No período de respostas, Manuel Nunes Júnior remeteu para a próxima quinta-feira uma resposta.

"Hoje o objecto é tratar dos órgãos locais e aqui estamos a tratar de assuntos do desenvolvimento local e por isso todos aqueles assuntos que não se incluírem neste escopo, nós iremos tratá-los numa outra ocasião", disse o governante, sublinhando que se referia concretamente à pergunta colocada por Bernardo Tito.

"Nós registámos este pedido de informação, vamos prestar esta informação, mas não agora, tendo em conta que o objecto desta sessão não envolve este tipo de assuntos e vamos tratá-lo, julgamos, na altura própria, que será na próxima semana, na próxima quinta-feira, quando tratarmos de aspectos globais do Orçamento Geral do Estado para 2019".

Manuel Nunes Júnior disse que além desta informação, na sessão de quinta-feira, reservada ao encontro com os membros da equipa económica, o executivo vai abordar igualmente aspectos ligados ao preço do petróleo de referência para o orçamento, o peso e a sustentabilidade da dívida pública, bem como acções específicas para assegurar o desenvolvimento inclusivo do país.

Na edição da passada sexta-feira, o semanário económico Expansão publicou um "fact check" sobre as declarações do ex-Presidente José Eduardo dos Santos na curta declaração que proferiu na quarta-feira, dia 21, na sede da sua Fundação, em Luanda, em resposta à entrevista do seu sucessor, João Lourenço, a um semanário português.

"(...) Não deixei os cofres do Estado vazios quando, na segunda quinzena do mês de Setembro de 2017, fiz a entrega das minhas funções ao novo Presidente da República. Nessa altura, o Estado tinha mais de 15 mil milhões USD nas contas do Banco Nacional de Angola como reservas internacionais líquidas. O gestor dessas contas era o senhor governador do BNA sob orientação do Governo."

De acordo com o semanário, "estamos em presença de uma meia verdade. Se por um lado é verdade que quando José Eduardo dos Santos saiu "deixou" mais de 15 mil milhões USD em reservas internacionais líquidas - no final de Setembro as RIL ascendiam a 15.157 milhões USD - não é menos certo que esse dinheiro não faz parte dos cofres do Estado, porque não podia nem pode ser utilizado por João Lourenço para financiar despesas públicas".

O Expansão explica que "as reservas internacionais são constituídas por activos em moeda estrangeira convertível e ouro monetário cuja gestão é controlada pelo Banco Nacional de Angola (BNA).
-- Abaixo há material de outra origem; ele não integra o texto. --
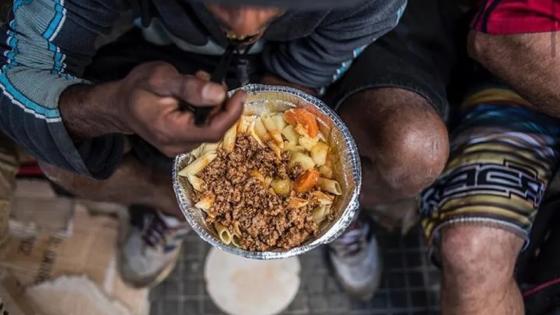 Movimentos sociais organizam "banquetaço" contra proibição de distribuição de marmitas em Cuiabá.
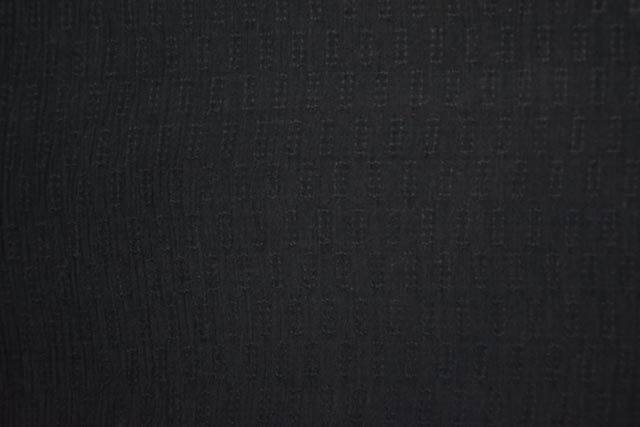 Black Basket Weave Self Design Orange Fiber Fabric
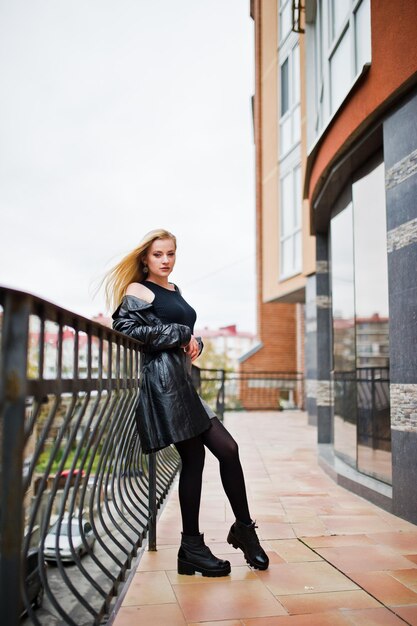 Chica rubia de moda con un largo abrigo de cuero negro posado contra una gran ventana del edificio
Adquiridos com recursos em moeda estrangeira à guarda do BNA, nomeadamente depósitos do Tesouro Nacional e dos bancos comerciais em moeda estrangeira, esses activos destinam-se a cobrir défices nas contas externas, suportar intervenções do BNA em defesa do kwanza e servir de referência para empréstimos externos. As reservas internacionais líquidas são a parte das reservas internacionais imediatamente utilizáveis para prevenir impactos de situações adversas sobre a balança de pagamentos e contribuir para a estabilidade da moeda nacional, precisa o quadro conceptual da reservas internacionais aprovado pelo Decreto Presidencial n.º 253/11 de 26 de Setembro de 2011".

Ou seja, embora José Eduardo dos Santos tenha deixado 15.157 milhões USD em reservas internacionais líquidas isso não permite, segundo o Expansão, "concluir sobre se João Lourenço encontrou os cofres cheiros ou vazios. As reservas internacionais não servem para financiar despesas do Estado. Por isso, não fazem parte cofres do Estado, no sentido de que são recursos que não podem ser utilizados no âmbito da política orçamental".

"Os únicos recursos junto do BNA que podem ser utilizados pelo Governo são os depositados na conta única do tesouro. Não se sabe quanto é que JES deixou na conta única de tesouro, mas, de acordo com um memorando do Ministério das Finanças a que o Expansão teve acesso, em Março de 2018 o saldo dessa conta quedava-se pelos 118,9 milhões USD para necessidades imediatas de 826 milhões USD", escreve ainda o Expansão.